Regarding the RA M2 macrophage model, 96 steady states had the highest similarity score. In their resulting mean vector, 158 out of 169 nodes were fixed at zero or one. Eleven nodes were not (Supplementary Table 4). This model’s state can reproduce 96,5% of the observed Boolean values. 85 out of the 88 differentially expressed nodes’ states matched their experimentally observed Boolean values. The only mismatches are BCL2L1 and MCL1, two upregulated anti-apoptotic proteins in RA macrophage samples with a Boolean state equal to zero in the model, and CASP3, a downregulated protein in RA macrophage samples with a Boolean state equal to one in the model.

Testing the effects of therapeutic targets’ single knockouts on the RA M1 and M1 macrophages

Selective downregulation of proinflammatory macrophages while promoting anti-inflammatory macrophages is a promising approach for inhibiting chronic inflammation and bone erosion in RA10. It can be achieved through the induction of the Apoptosis phenotype and the inhibition of the Proliferation phenotype in the RA M1 macrophage model and the activation of the Proliferation phenotype and the inhibition of the Apoptosis phenotype in the RA M2 macrophage model.

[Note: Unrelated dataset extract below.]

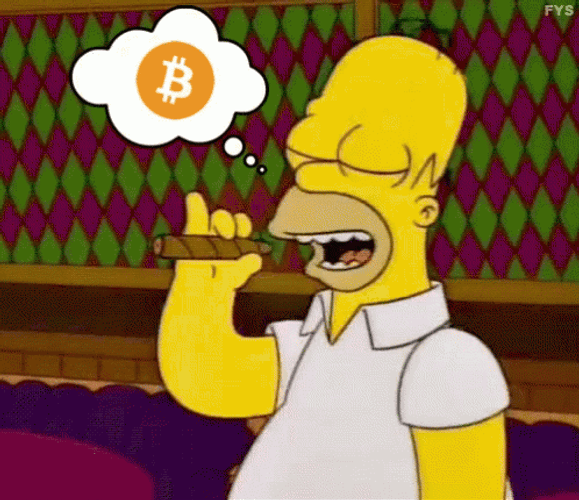 homer simpson thinking crypto smoking 7p7heynntbo4zahz What Determines the Price of Bitcoin?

We performed an exhaustive search using the Therapeutic Target Database (TTD) to identify potential therapeutic targets (targets that have already been experimentally modulated) present in the models. It is a drug database designed to provide information about the known therapeutic protein and nucleic acid targets described in the literature, the targeted disease conditions, the pathway information, and the corresponding drugs/ligands directed at each target. The database currently contains 3578 targets and 38,760 drugs. Targets can be divided into four categories: successful targets, clinical trial targets, preclinical trial targets and research targets43. Drugs can also be divided into four categories depending on their status. They go from Approved drugs to Clinical trial drugs, to Preclinical/patented drugs to Experimental drugs. We screened the targets based on their associated drug’s Mode Of Action and only kept the components that can be targeted by at least one inhibitor (1643 targets). Then, we identified the targets in the RA M1 and M2 macrophage models. Regarding the RA M1 macrophage model, 71 therapeutic targets were identified (Supplementary Table 5). Sixty targets were identified in the RA M2 macrophage model (Supplementary Table 6).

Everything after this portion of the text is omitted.